Y ya empiezan los augures mediáticos en los que tanto abunda este país nuestro a advertir de ese peligro: que de pronto se produzca una sopa de letras de partidos de izquierda dispuestos a arrebatarle a la derecha aquello que parece corresponderle por derecho propio: el de mandar, que no es lo mismo que gobernar, en este país.

Y así esos opinadores, alguno de los cuales ha dirigido importantes periódicos y otros medios de comunicación, han aprovechado el aniversario de la proclamación de la Segunda República para recordarnos aquel funesto período de nuestra reciente historia. Lo mismo que hizo recientemente un cardenal de cuyo nombre no merece la pena acordarse.

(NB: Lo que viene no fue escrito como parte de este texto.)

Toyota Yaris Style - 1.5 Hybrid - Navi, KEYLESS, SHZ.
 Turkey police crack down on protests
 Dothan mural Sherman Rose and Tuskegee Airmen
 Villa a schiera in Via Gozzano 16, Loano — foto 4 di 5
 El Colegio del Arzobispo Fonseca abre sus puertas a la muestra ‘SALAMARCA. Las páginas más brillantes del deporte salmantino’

Con una capacidad de manipulación que hará sonrojarse a cualquier desapasionado historiador nacional o extranjero, aunque no a algunos que se dedican entre nosotros espuriamente a esa disciplina, han llegado al extremo de culpar sólo a la Republica de la subsiguiente tragedia, exculpando así de paso a los militares sublevados.

Y es que por mucho que algunos de esos opinadores hablen a veces de "dictadura" para referirse al régimen de Francisco Franco, en el fondo lo están justificando por los desmanes que atribuyen a la anterior etapa, lo que explica la dificultad que tiene todavía hoy nuestra derecha para condenarlo sin paliativos como han hecho otros países con sus propias dictaduras.

Y para completar el panorama, como si no tuviéramos suficientes problemas con una economía que sólo despega para quienes están dispuestos a comprar a precio de saldo todo lo que está ahora en venta en nuestro país, se nos obliga a asistir diariamente al poco edificante espectáculo de una región próspera y antes tolerante dispuesta a romper amarras sin que parezca importarles los destrozos, tanto materiales como anímicos, que ello pueda generar.

Entre la insufrible cerrazón de unos gobernantes incapaces de reconocer la existencia de un problema y la irresponsable demagogia, mendaz e irracional, de otros, se está poniendo en peligro el bien que debería ser el más preciado: la convivencia y solidaridad de todos. Y en ese caso el peligro es bien real.